### STUDY MATERIAL

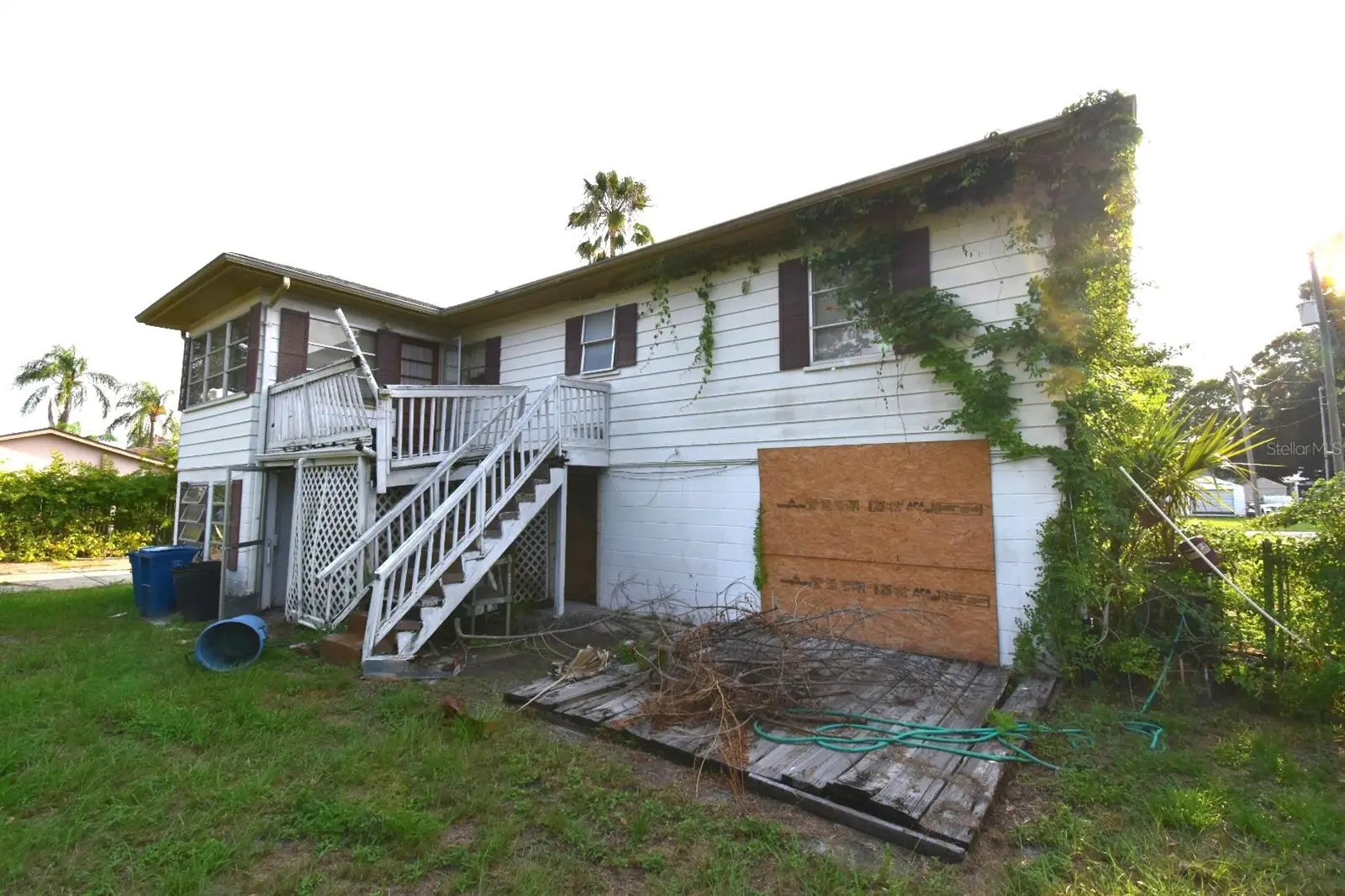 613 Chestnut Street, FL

######
### STUDY MATERIAL

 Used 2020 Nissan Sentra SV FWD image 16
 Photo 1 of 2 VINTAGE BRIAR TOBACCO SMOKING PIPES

######

Only the lines above starting with the one with "Used 2020 Nissan Sentra SV FWD image 16" and going through the one with "Photo 1 of 2" are to be copied, word for word and with both ends kept.

SOLUTION TO THIS EXERCISE:
 Used 2020 Nissan Sentra SV FWD image 16
 Photo 1 of 2 VINTAGE BRIAR TOBACCO SMOKING PIPES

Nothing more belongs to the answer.